1. 13
  1.  

  2. 5

    This is such a marvelously optimistic document:

    Even as the clock ticks, better and better computer support for the creative spirit is evolving. Help is on the way.

    One of my friends presented this paper, actually, as part of a monthly reading club we have, and what was just so amazing is just the sheer cultural difference it has compared with the New Jersey school. The audience during the presentations (enjoying beer and ribs) was smiling the whole time at how hippy and awesome the Smalltalk ideas were…it was just so weird and cool.

    I hadn’t seen the future like that since I ran into Prolog–unfortunately, it seems that the future is more Mad Max (Javascript).

    1. 2

      Smalltalk was ahead of its time, but the ideas and ideals live on in other languages. Erlang has technical features that are analogous to Smalltalk, but is missing some pieces imo.

      The purpose of the Smalltalk project is to provide computer support for the creative spirit in everyone.

      The mechanisms of human thought and communication have been engineered for millions of years, and we should respect them as being of sound design

      Elixir, from a strictly human standpoint, encapsulates Smalltalk’s main goal really nicely and in an accessible way, all while being built on Erlang which makes it inherit a lot of the conceptual tech bits that make Smalltalk so cool.

      The future doesn’t have to be Mad Max.

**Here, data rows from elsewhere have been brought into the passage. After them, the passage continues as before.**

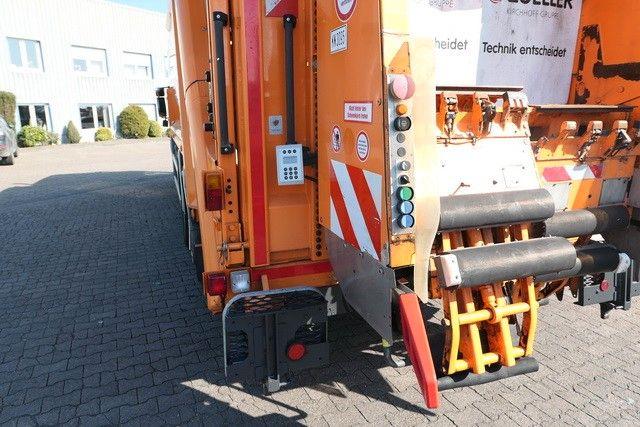 Mercedes-Benz 2633 L ECONIC, HN-Schörling, Zöller, gelenkt, AC in Sittensen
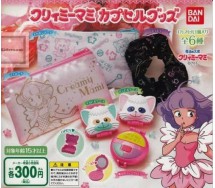 BOX Set Regalo INCANTEVOLE CREAMY Mami 6 Pezzi Originale BANDAI GIAPPONE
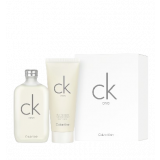 Calvin Klein CK One unisex parfüm szett (eau de toilette) Edt 200ml+200ml Hidratáló krém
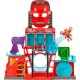 Hasbro Marvel Iron Man And His Awesome Friends:  Iron Quarters Playset - Playset (G1259)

And I think the excitement around more elegant languages (very recently, and I may be living in a bubble) is evidence of that.

      1. 1

        As much as I love Elixir, I don’t think we want to oversell it too much–after all, look what happened with Smalltalk!

        Specifically, I don’t think that it has the same emphasis on programmer ergonomics that drove a lot of that document, and it isn’t quite as possessive of the operating environment as Smalltalk seemed to want to be.